A pre-flight safety demonstration (also called a pre-flight safety briefing or safety video) is an explanation given to airline passengers before takeoff outlining the aircraft’s safety features and emergency procedures.

Aviation regulations generally require that passengers be orally briefed before departure but do not prescribe how the information must be delivered. Airlines therefore present the briefing either as a live demonstration by flight attendants or as a pre-recorded audio or video presentation shown through the aircraft's in-flight entertainment system. Briefings typically last several minutes and pre-recorded videos may include subtitles, sign language, or multiple languages.

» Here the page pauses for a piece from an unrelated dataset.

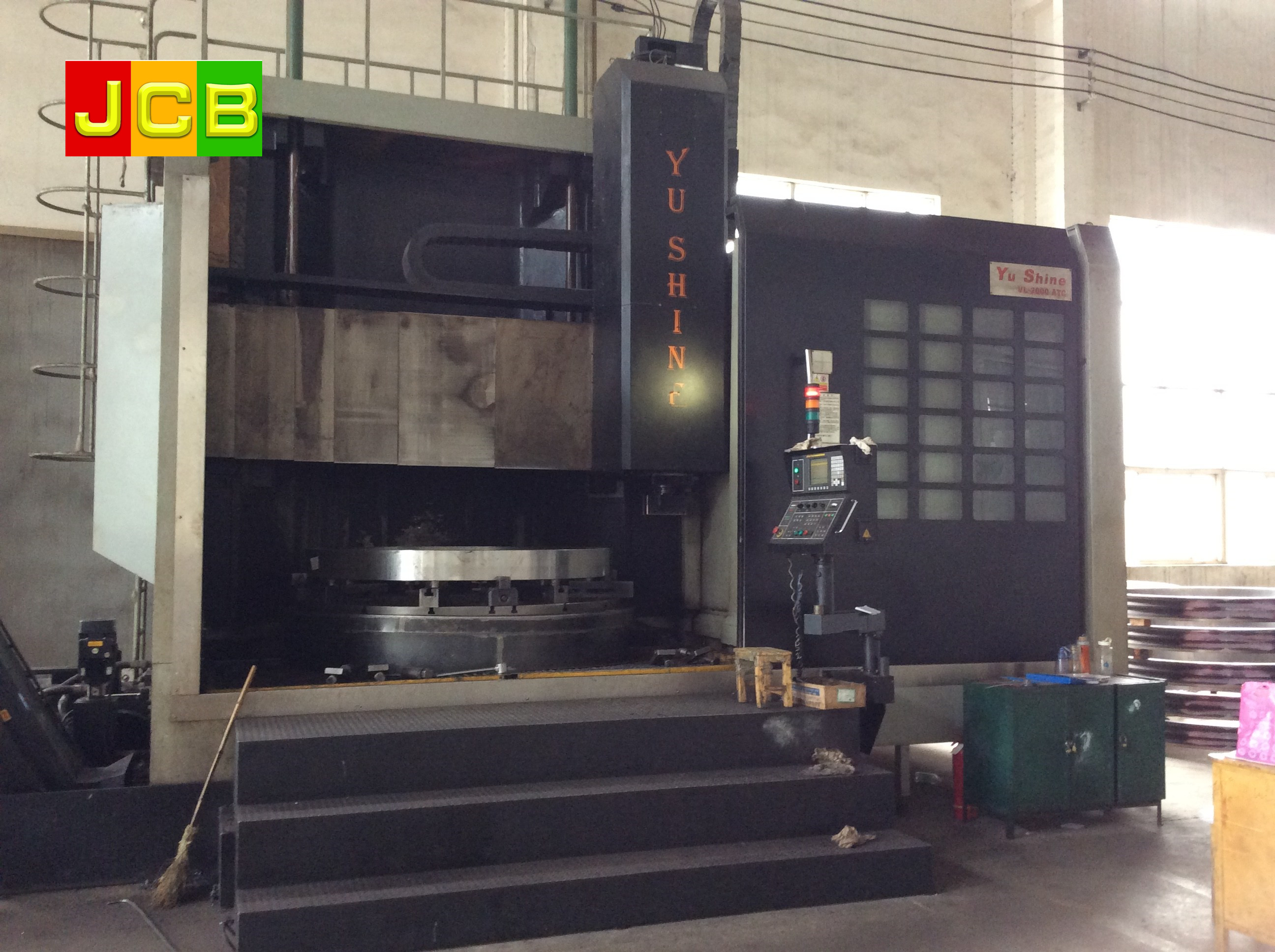 CNC-machining-center-2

Beginning in the 2000s, some airlines have produced stylized or humorous safety videos featuring celebrities, popular music, or cinematic themes, many of which gained wide circulation online. For example, Cebu Pacific staged a choreographed demonstration set to Lady Gaga's "Just Dance" and Katy Perry's "California Gurls". A 2008 Delta Air Lines video led to the internet nickname "Deltalina" for one of its featured flight attendants. A later British Airways video featured performers including Rowan Atkinson, Gordon Ramsay, and Gillian Anderson in support of Comic Relief.

==Required elements==

ICAO Doc 10086 recommends safety briefings should be given in English and the language of the operator. In addition, the operator may consider use of the official language of the states of departure and destination, as well as any other language appropriate to the passengers on board. Some aircraft have pre-recorded briefings in multiple languages to facilitate this. English is not mandatory, and the operator will choose the most appropriate language(s) to be used on its flights. This may vary from flight to flight.

There is no ICAO or EU requirement that cabin crew speak English.

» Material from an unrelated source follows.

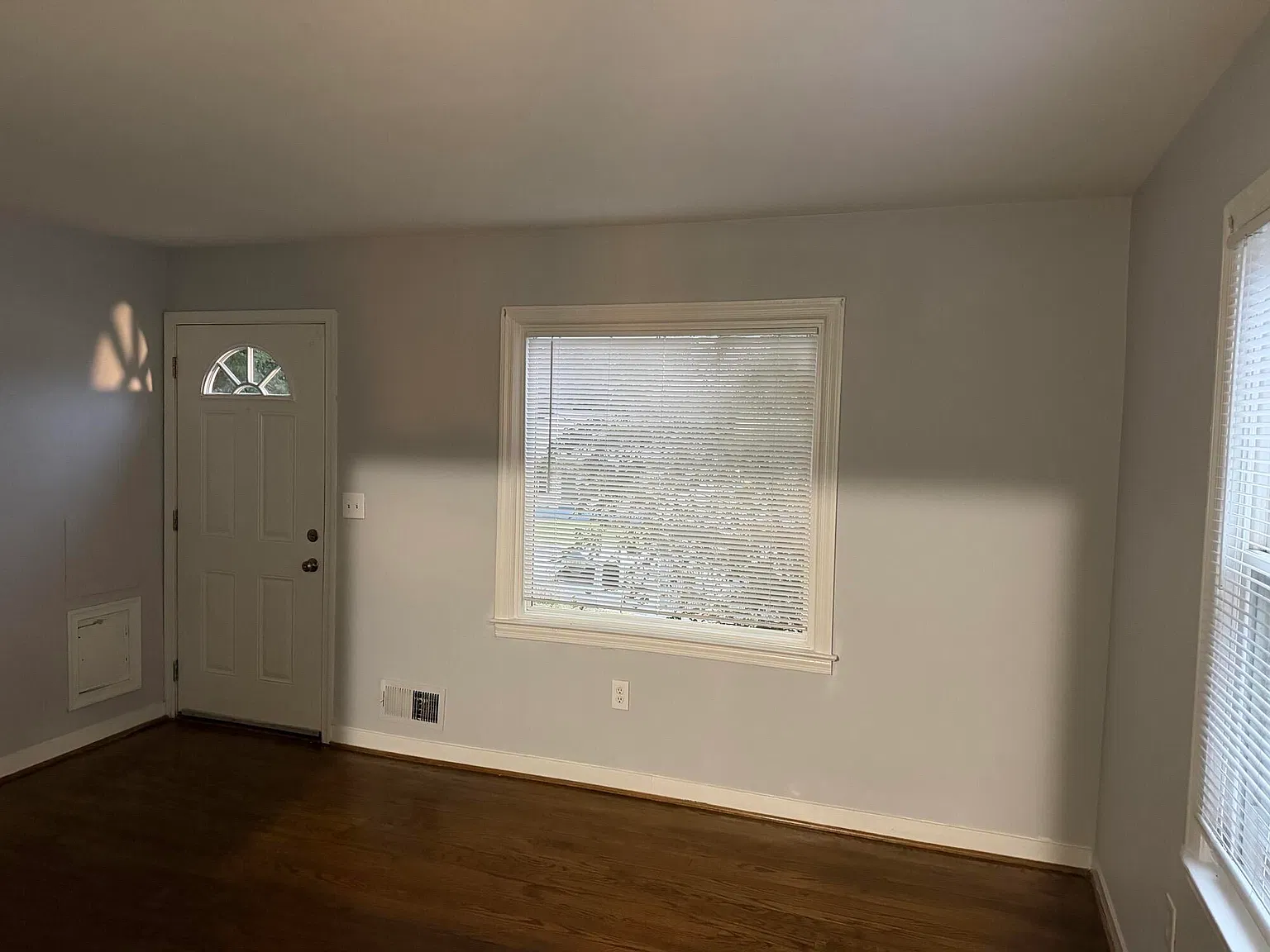 3 bed, 1.0 bath, 850 sqft, $1,025 — Photo 2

Airlines are required to orally brief their passengers before each take-off. This requirement is set by their nation's civil aviation authority, under the recommendation of the International Civil Aviation Organization. All airline safety videos are subtitled or shown secondarily in English as it is the lingua franca of aviation. Sometimes a video briefing is subtitled with the primary language of the country the airline is based in or the language of the city where the plane originates or flies to. This is up to the airline, but most (if not all) elect to do this through a safety briefing or demonstration delivered to all passengers at the same time. A safety demonstration typically covers all these aspects, not necessarily in this order:
- the brace position, which must be adopted on hearing the "Brace, Brace" command during an emergency landing (sometimes called the safety position; this is not required in the United States and certain other countries and is mostly included in European regions)
- the use of the seat belt; fastening a seat belt is strictly required during taxiing, take-off, landing, and during flight in known turbulence areas, but most airlines recommend or require that passengers keep their seat belt fastened at all times in case of unexpected turbulence
- the location and use of the emergency exits, evacuation slides and emergency floor level lighting
  - a diagram or description of the location of exits on that particular aircraft, or that they are being pointed out by crew and are described in the safety card
  - a reminder that all passengers should locate (and sometimes count the number of rows to) their nearest exit, which may be behind them
- the requirements for sitting in an emergency exit row (varies by country and airline); in some countries (including the United States) it must also be stated that exit row passengers may be required to assist the crew in an evacuation
- that all passengers must leave all carry-on bags behind during an evacuation; the purpose of this instruction is to facilitate fast evacuation
  - some demonstrations also mention that high heeled shoes and/or any sharp objects must be removed (this is to ensure that evacuation slides are not punctured)
- the use of the oxygen mask (not included on some turboprops which do not fly high enough to need supplemental oxygen in a decompression emergency) with associated reminders:
  - that the passenger should always fit their own mask on before helping others, in order to avoid fainting before everyone's mask is on;
  - that even though oxygen will be flowing to the mask, the plastic bag may not inflate; some planes such as the Boeing 787 or Boeing 777-300ER do not include plastic bags in the oxygen masks.
  - if applicable to the aircraft in question, that the passenger must pull down on a strap to retrieve the mask
  - this part of the safety demonstration is sometimes technically permitted to be done after take-off, since it is not applicable while the aircraft is at low altitude
- the location and use of the life vests, life rafts and other flotation devices, like floatable seat cushions (not always included if the flight does not overfly or fly near vast masses of water although is required by the FAA on any aircraft equipped with life vests)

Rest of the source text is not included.